When the system works normally and automatically, it rarely all coincides at the same time. But if something like that happens, it means that someone is playing with the API with their hands. Here’s the alert and it worked.
If we are not talking about a cyber city, but about real situations of this kind, then everything happens even faster, in such cases the system automatically blocks the actions of the merchant so that nothing is withdrawn from his account and, in principle, does not harm his work and business, raises panic and connects already living employees

For the future

The cyber city hacking format is, no joke, the future of information security. We will definitely come here again, take into account all the mistakes and think over the infrastructure and business schemes so that they are as close to reality as possible. Ideally, I generally want people from the Central Bank or State Services to come to the same conclusions – to test their infrastructure in battle, provide an opportunity to find vulnerabilities and become even better and more reliable for users and businesses.

And it was actually very cool and fun. In fact, we received a large set Chaos monkey– cases that would not be reproduced in production, we tested the processing for attacks, having received more attacks in 2 days than we regularly receive in six months.

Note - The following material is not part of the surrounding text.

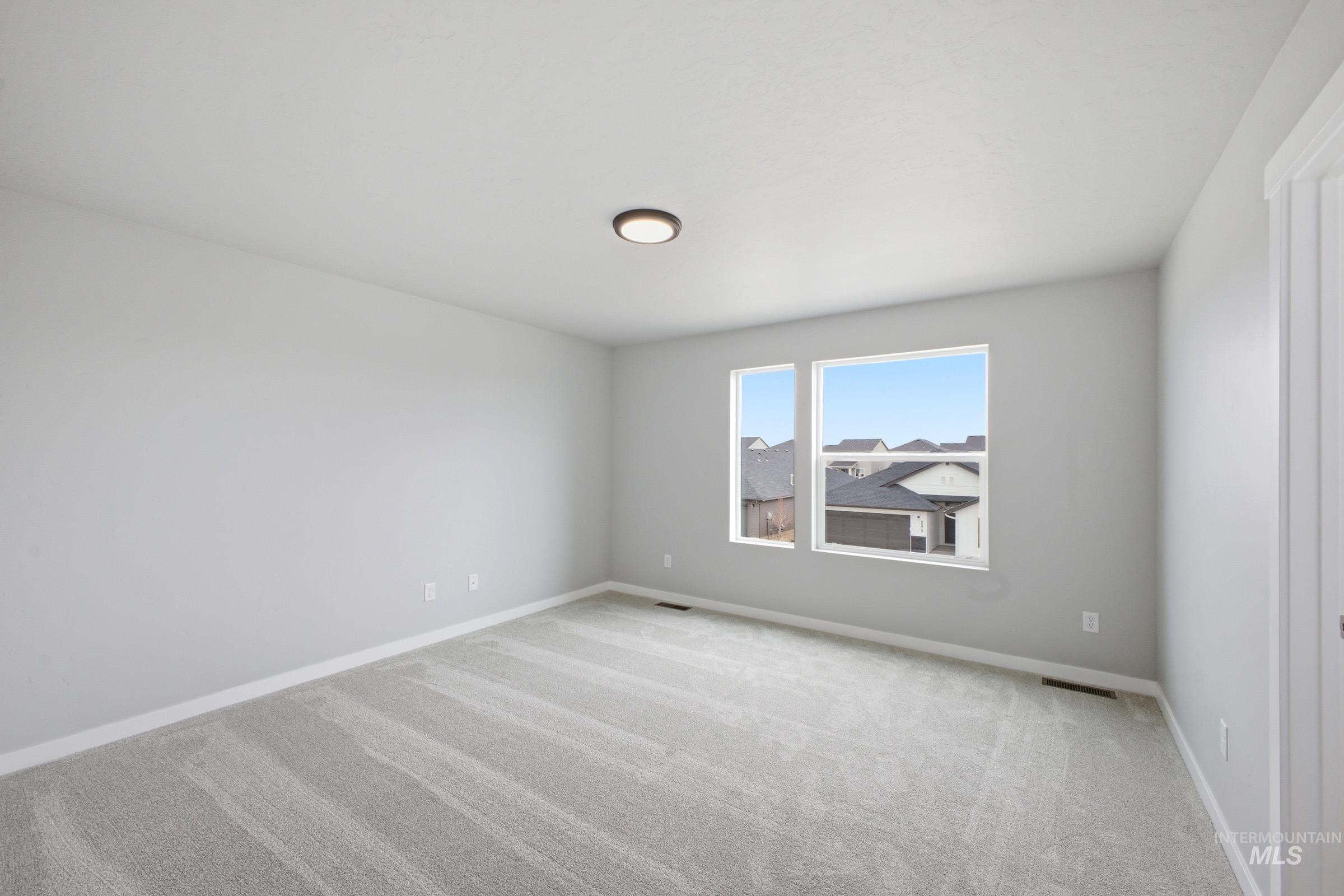 6686 W Redwood Creek Dr, Meridian, Idaho 83646, 3 Bedrooms, 2.5 Bathrooms, Residential For Sale, Price $440,990, 98979234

We learned a lot, and most importantly, we saw that our product, which we are writing for ourselves and for you, is popular among cyber city participants, for our IT it was a strong motivation – after all, it’s nice when people use the result of your work, even if in this case and for very specific purposes.

We really liked it and want MORE.

In the next Standoff, wait for us with even more interesting schemes, more payment functions and new attack vectors!